I’ve been telling stories for as long as I can remember.
It started with acting, completing various grades with the Guildhall School of Speech and Drama, then moved into dance, choreography and teaching. Later came marketing and copywriting – learning how words land, how messages persuade, and how tone changes everything.
Over the last decade, that thread has found its most natural home in voiceover and narration.
The common theme?
Performance, communication, and knowing when to step forward – and when to step back.
My first real brush with voiceover came at 13, back when audio meant radios and cassette tapes.
I had the chance to work with Robert Llewellyn (aka Kryten from Red Dwarf) on GCSE science study recordings.
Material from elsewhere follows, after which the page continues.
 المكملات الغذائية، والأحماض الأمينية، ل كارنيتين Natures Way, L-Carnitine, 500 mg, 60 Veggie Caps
It was equal parts fascinating and completely hilarious.
We were regularly kicked out of the studio for laughing too much – largely due to a teenage me trying to stay professional while Kryten earnestly mispronounced the word “faeces”.
I’ll let you imagine the rest.
Years later, I found myself back behind the mic as a Production Assistant at Videojug, recording a high volume of voiceovers for their “how-to” video library.
Then in 2015 – facing an imminent redundancy from a marketing role within an investment company – I decided to stop circling voiceover and properly commit.
I launched my voiceover business, leaned into everything I’d learned along the way, and haven’t looked back since.
All of this experience feeds directly into how I approach voiceover today.
I’m rapid, responsive and reliable, yes – but I’m also thoughtful, context-aware and comfortable adapting tone depending on who’s listening and why.
That’s why clients trust me with:
Sensitive internal communications
Long-form learning content
Brand storytelling that needs credibility
Scripts that require nuance rather than noise
The voice is calm.
The delivery is intentional.
And the experience behind it runs deep.